# any downsides to scuds?



## aubie98 (Apr 22, 2017)

I think I just saw a scud in my 4 gallon shrimp tank (tiny roly poly looking bug). most things I've read says they are relatively harmless, but that they predate on shrimplets.


----------



## thedood (May 30, 2015)

I never witnessed predation but it would not surprise me. I just found them unsightly. I would catch them and feed them to my Calvus. I figured the scuds would compete with my shrimp for resources and wanted them controlled. I dont think you can totally eradicate them without tearing down the tank or using chemicals. You can use fish to control them but any fish that will eat scuds will most likely eat baby shrimps as well.


----------



## aotf (Dec 19, 2016)

While I can't say whether or not they hunt shrimplets, a scud explosion can limit some plants' ability to thrive as they'll feast on new growth. My HC carpet, java fern, and AR mini all suffered during a really bad outbreak I had a while back. 

If you are able to catch and kill them now, do it. Very quickly (it may even be too late) you will be at their mercy because there's no tank-wide solution you can use to kill them without affecting your shrimp.
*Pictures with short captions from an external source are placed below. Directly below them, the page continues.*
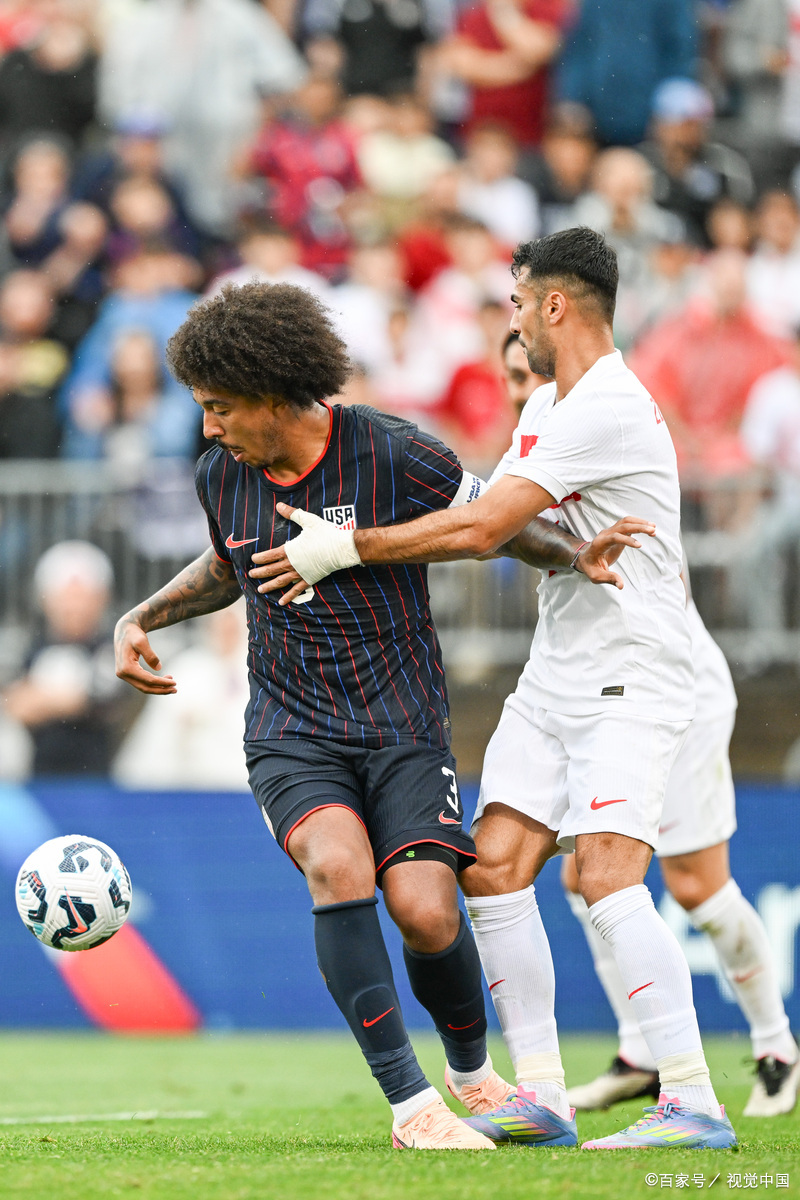 kaiyun-赛前法甲传出新动向，克里夫兰骑士远射贴柱，管理层表态——震撼外界，阵容厚度经受考验的简单介绍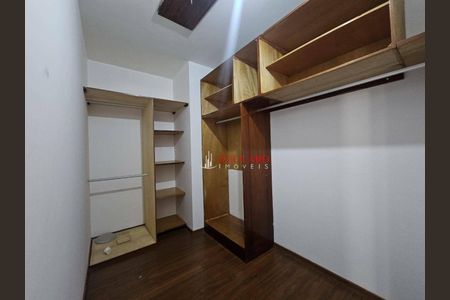 10_photo/94c8b65b59.babe959d6209cc9d-ATLAS-550149ca-3ee7-4a52-95fe-0465cfd46de2.jpg de casa à venda com 4 quartos, 310m² em Conjunto Mauro Marcondes, Campinas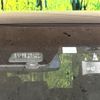 mitsubishi delica-d5 2023 CFJ1554980 image 2
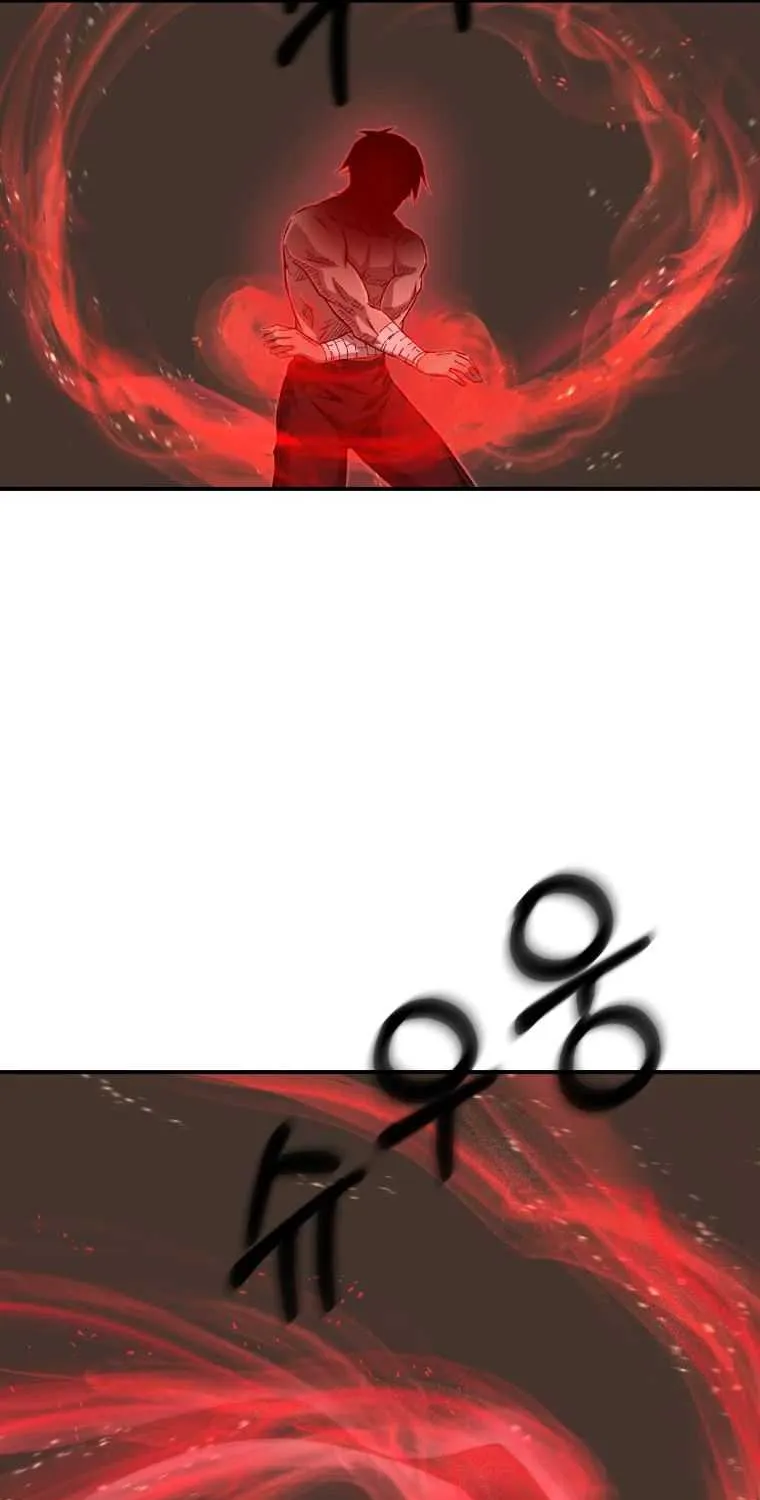 The great master Chapter 0 page 10 - 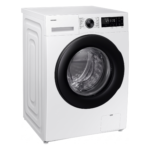 Samsung WW90DG5U34AEGU 9KG Front Load Washing Machine - Image 3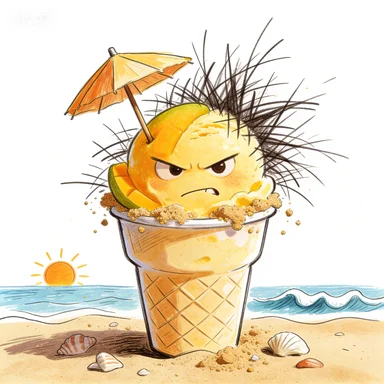 

Eᴀsɪʟʏ ʀᴇɢᴇɴᴇʀᴀᴛᴇ ɢᴜᴍs ᴀɴᴅ ᴄᴏᴠᴇʀ ᴛᴇᴇᴛʜ ɪɴ 7 ᴅᴀʏs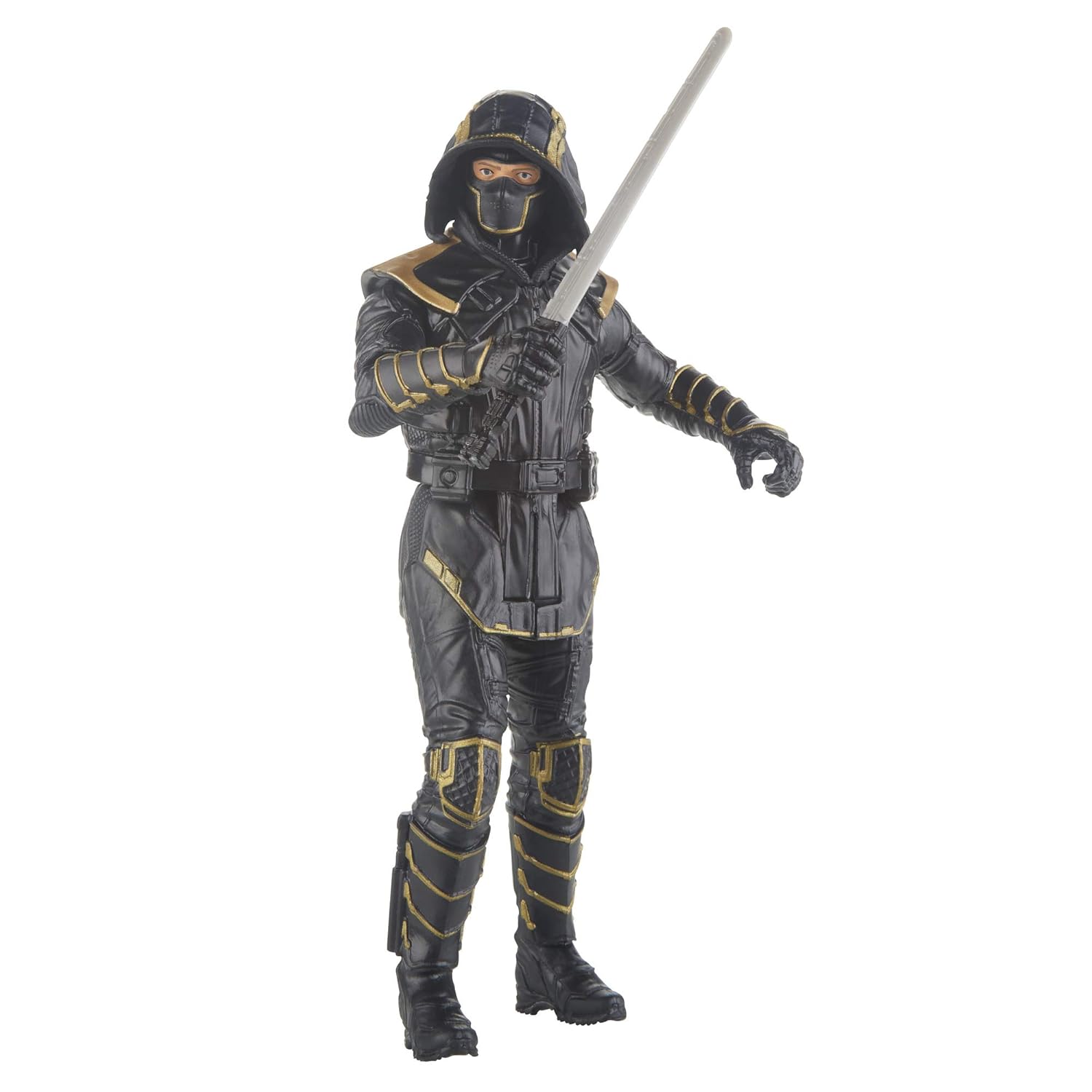 Avengers Marvel Endgame Ronin 6 Scale Figure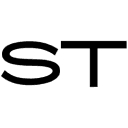 Sanction Trace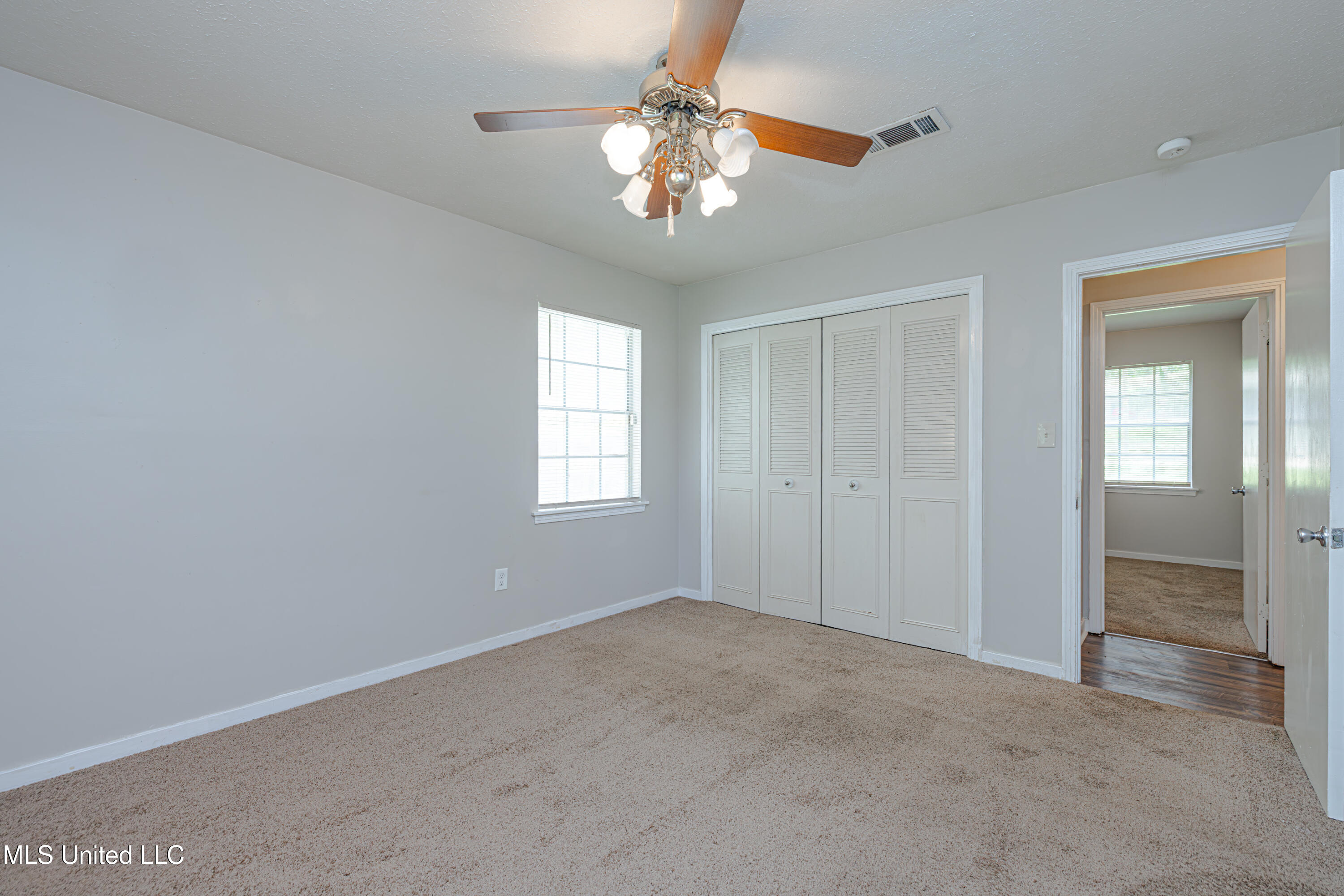 828 Briarwood Drive, Jackson, Mississippi image 34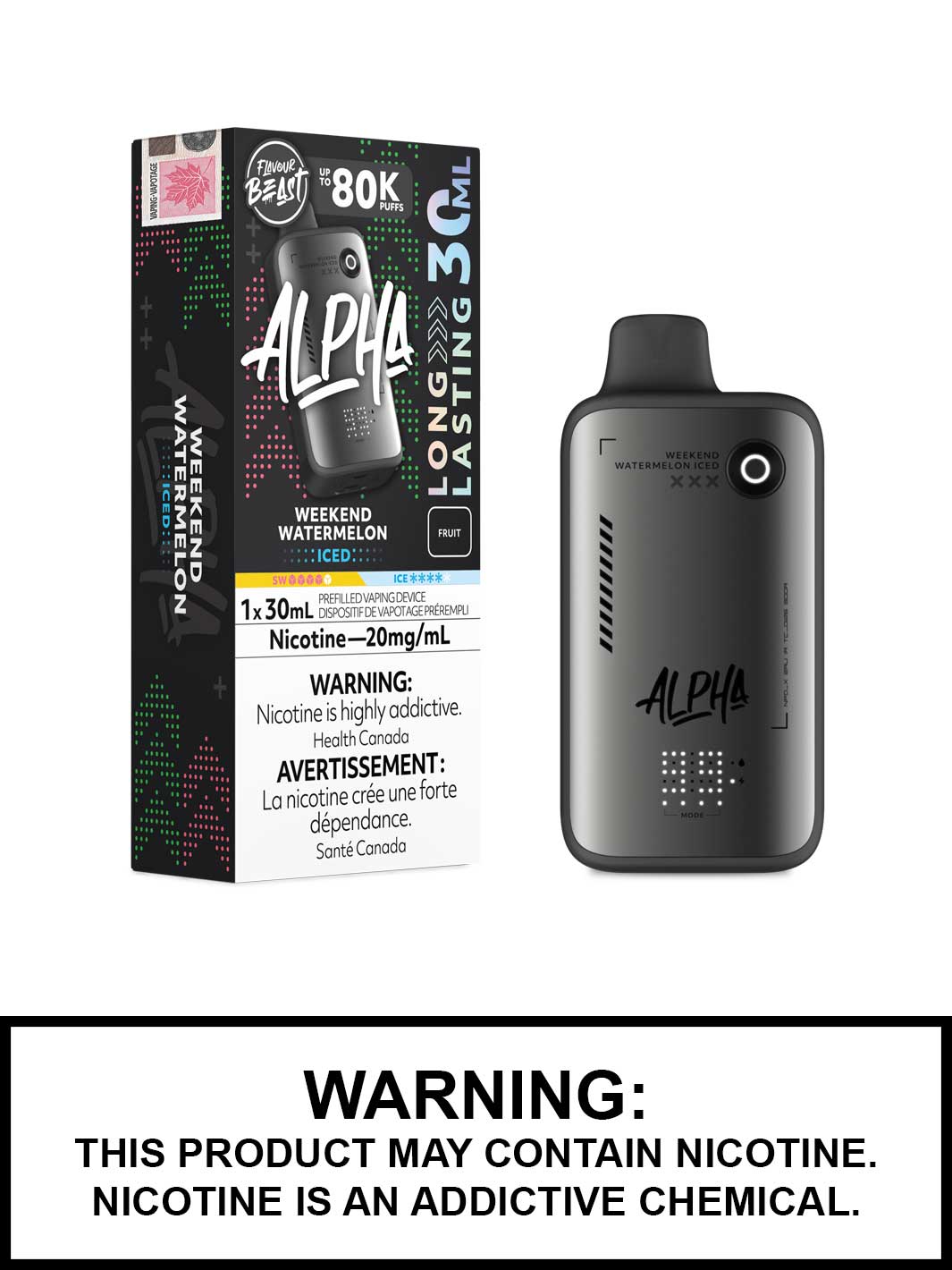 Canada's Best Vape Shop Online | Disposables, Pods & Juice Vape360 Canada's Best Vape Shop Online | Disposables, Pods & Juice Vape360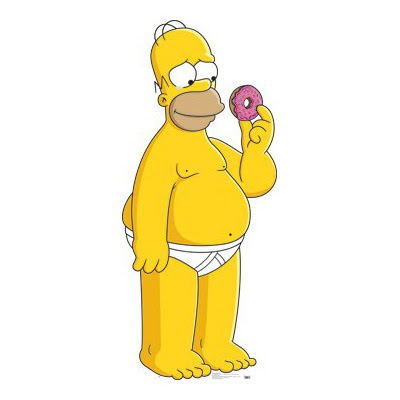 homer_donut.jpg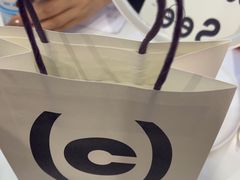 -可糖美瞳·隐形眼镜·测基弧(朝阳大悦城店)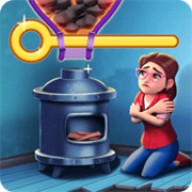 莉莉的花园(Lilys Garden安装器)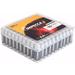 Impecca Alkaline AA Batteries (100-Pack) IMPAA100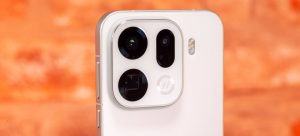 Oppo готовит взрывной Find X9 с двумя камерами по 200 МП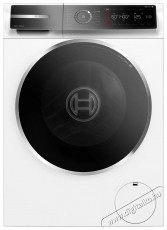 Bosch WGB25402BY H&aacute;ztart&aacute;s / Otthon / K&uuml;lt&eacute;r - Mos&oacute;g&eacute;p / sz&aacute;r&iacute;t&oacute;g&eacute;p - El&ouml;lt&ouml;ltős norm&aacute;l (60cm-ig) mos&oacute;g&eacute;p - 504342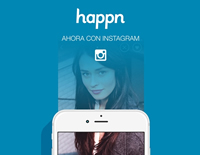 foto nota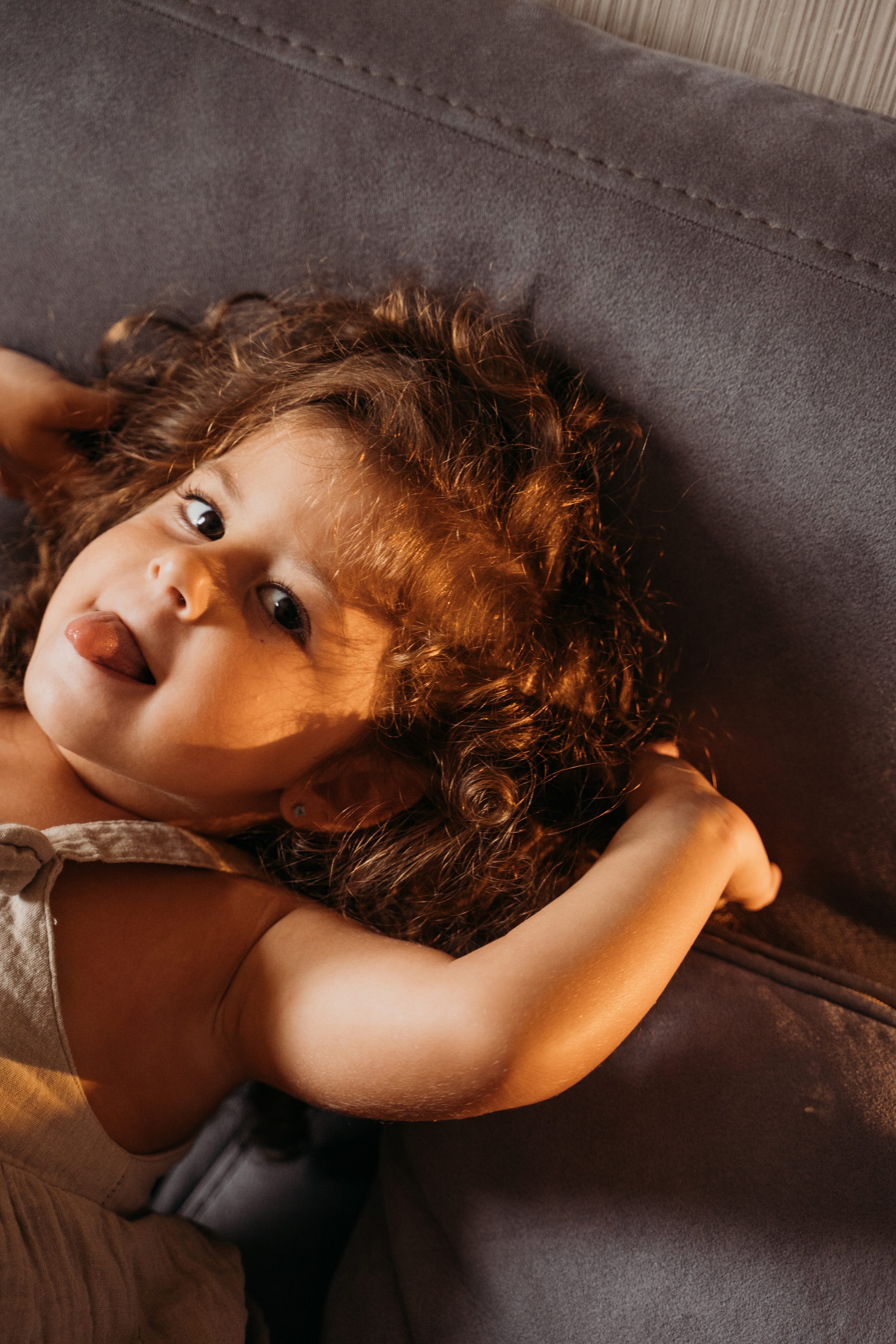 Теона. Детский и семейный фотограф Ташкент Наталья Кривенко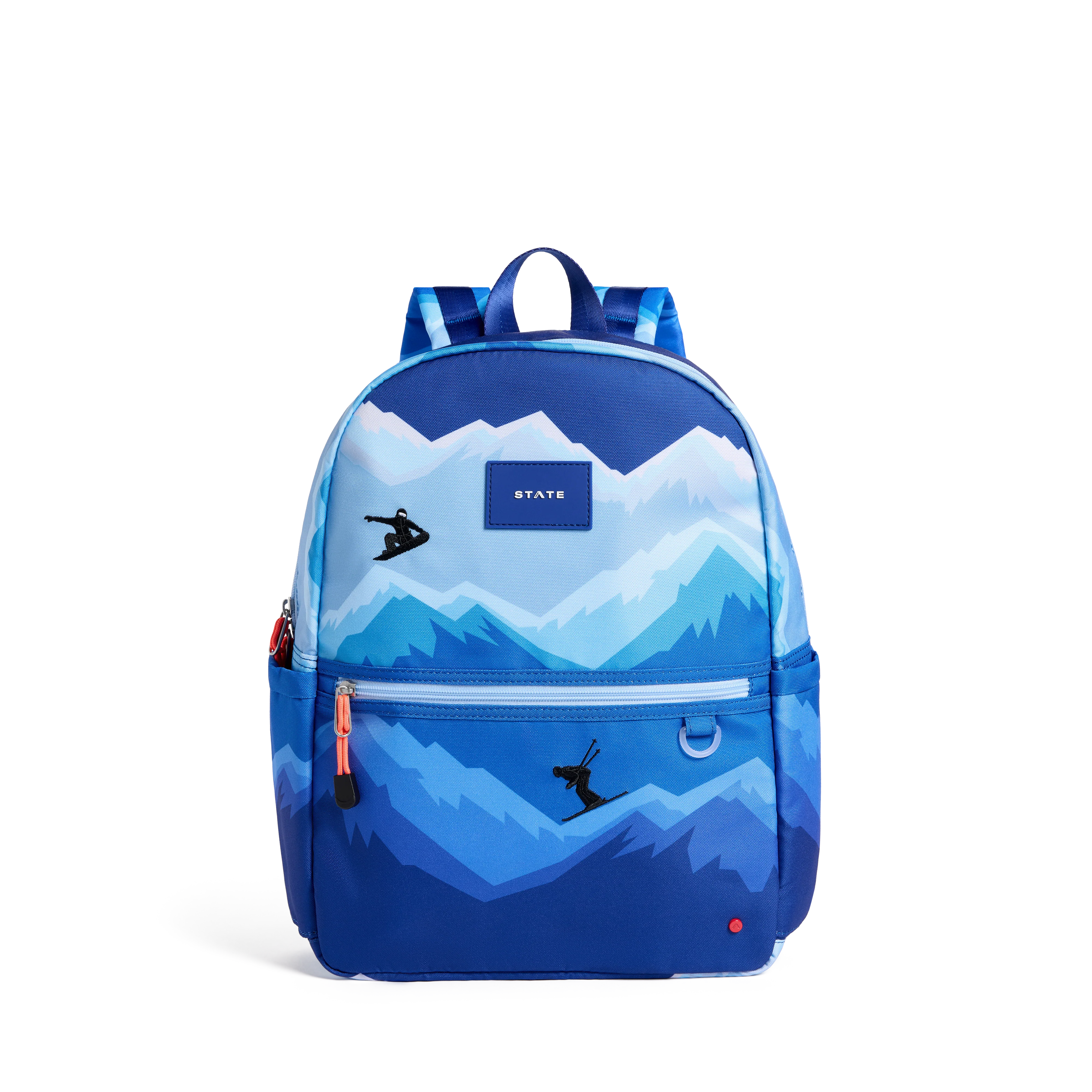 Kane Backpack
Always dip new plants before introducing into the main tank, I learned that the hard way.


----------



## aubie98 (Apr 22, 2017)

ok, after some research, i don't think these are scuds. The creatures I'm finding in my tank are tiny, less than a mm in length, or about 1/3 the length of the ~2 day old shrimplets that are in the tank. However, in looking for the baby shrimplets in my tank, I am noticing a bunch of these critters. Not sure if my not noticing them beforehand is that I haven't been intently staring at my tank or that they weren't there and their population is expanding.

In the photo below, the critter is the one to the far right, right next to the brown limpet. Baby shrimplets on the leaf as references, and a big ole adult shrimp photobombed the shot too!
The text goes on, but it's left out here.